#MakeMercyReal involves compassion and action

October 15, 2019

Sister Susan M. Sanders, RSM

During her nearly 40 years as pastoral ministry, most recently as pastoral minister at Our Lady's Immaculate Heart Church in Ankeny, Iowa, Mercy Sister Susan Widdel shares mercy as she tends to the needs of parishioners and their families.  She visits the sick, helps families get involved in the parish, celebrates their good times and helps them through challenging ones. Until recently she has taught the RCIA program there.

Mercy Sister Karen Yarkosky spent her first 37 years as an elementary school teacher in the Des Moines and Omaha dioceses. For the past 22 years, she has been with Bishop Drumm Care Center as retirement coordinator for Mercy sisters and mission outreach coordinator sharing the charism of Mercy with staff and residents. Most recently, she is serving as a volunteer.

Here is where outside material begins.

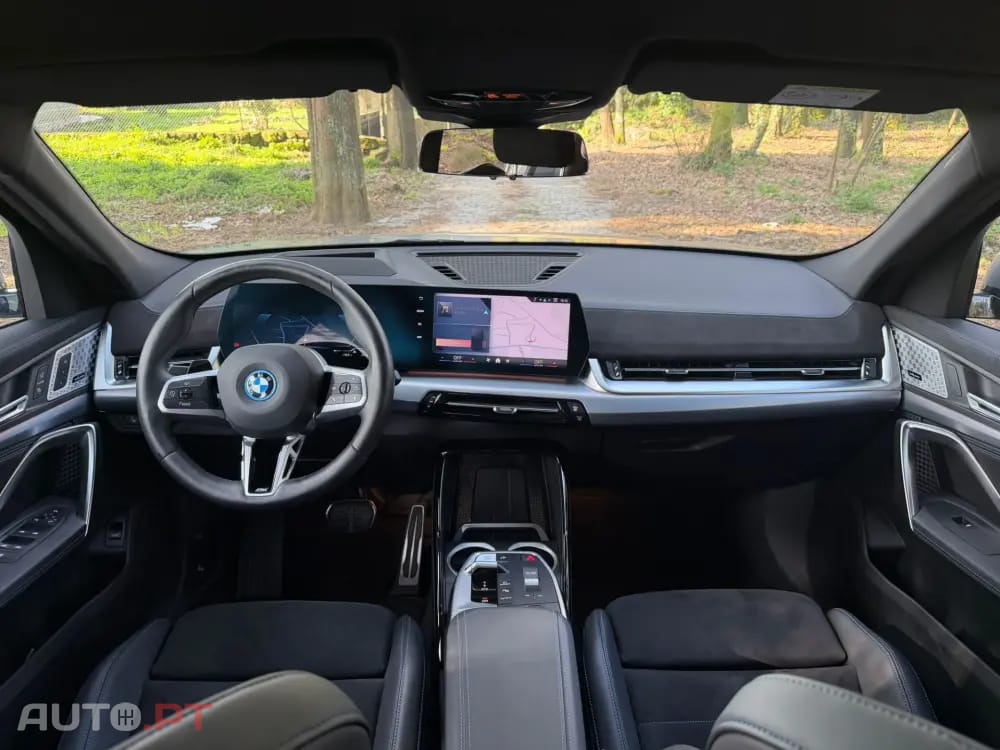 BMW iX2 xDrive30 Pack Desportivo M Pro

These are two examples of the many ways our Mercy sisters are making mercy real in the Des Moines area and around the world. 

Today, more than ever, we need mercy in our world. It’s time to replace what seems to be daily news of violence and divisiveness with compassion and mercy.  As part of our celebration of the feast of Our Lady of Mercy, the Sisters of Mercy, an international community of Roman Catholic vowed women religious, is again offering a challenge: Find a way, every day, to Make Mercy Real.

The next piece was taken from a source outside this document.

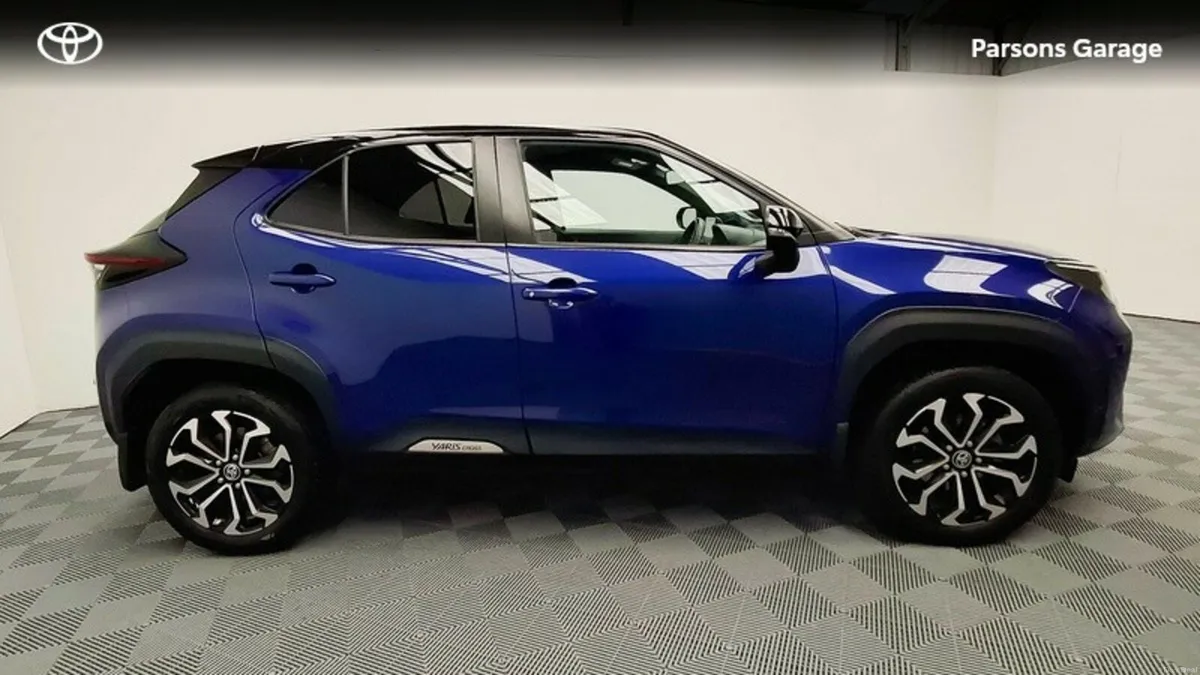 Toyota Yaris Cross CROSS LUNA SPORT 4DR AUTO - Image 3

The word mercy comes from the Latin word Misericordia – cor, which means heart, and miseri which means suffering. Mercy involves both compassion and action. Understanding a person’s pain and doing something about it.

So, each of us, in our own way, can show mercy and make this world a better place.  It can be as simple as complimenting a stranger, visiting someone who is sick, doing a favor for a person in need or donating clothes you no longer wear. The possibilities are endless. If we all join together to Make Mercy Real, we enrich the lives of those around us and bring joy to those we meet. Perhaps we can change the focus from what divides us to what brings us together.

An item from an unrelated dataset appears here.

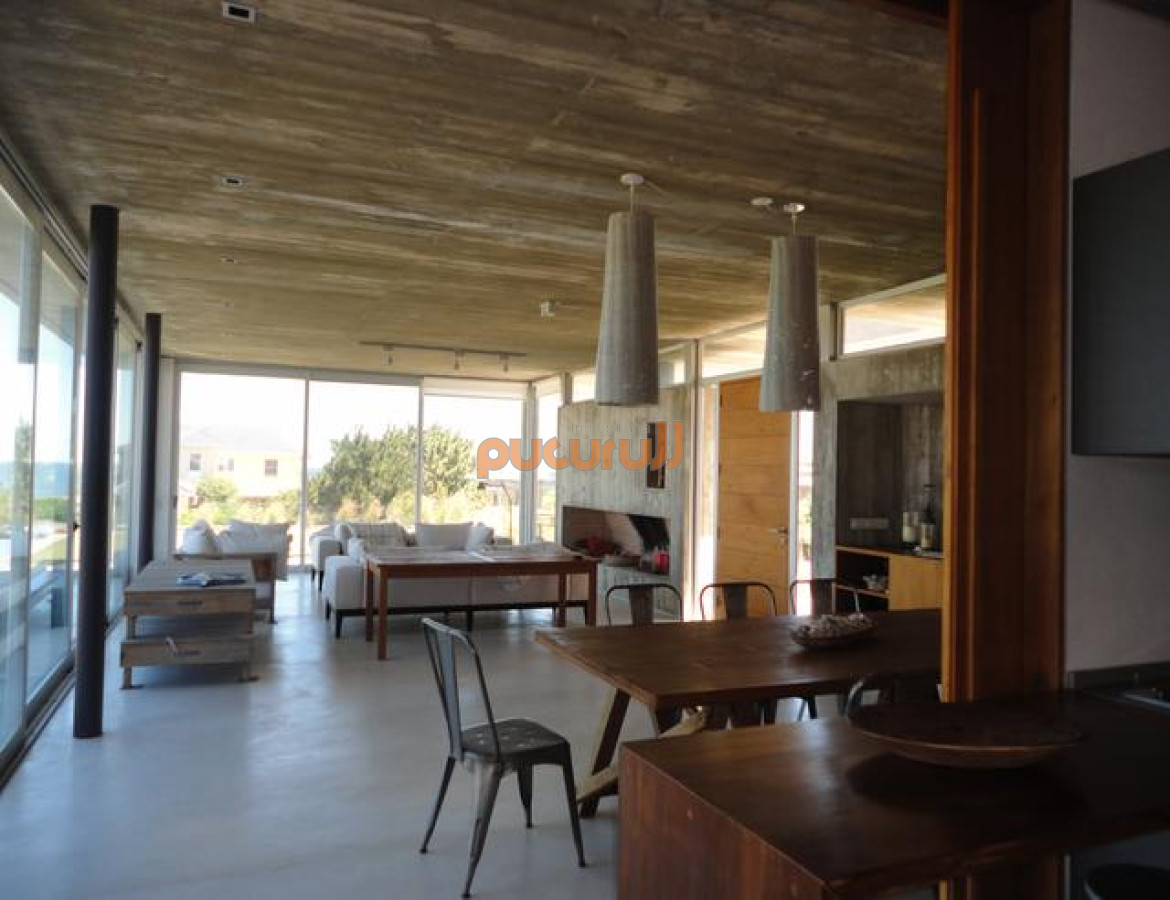 Casa ID.280 - Casa en Punta Ballena, Tio Tom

As we make this challenge, we are following in the footsteps of our founder Catherine McAuley. On Sept. 24, 1827, she opened the first House of Mercy in Dublin, Ireland, to minister to women and children in need. It remains a symbol of her legacy of mercy to the world.

So join us in keeping her legacy alive by finding a way to #MakeMercyReal in your world and encouraging others to do the same. While the challenge may seem simple, the impact will be immense.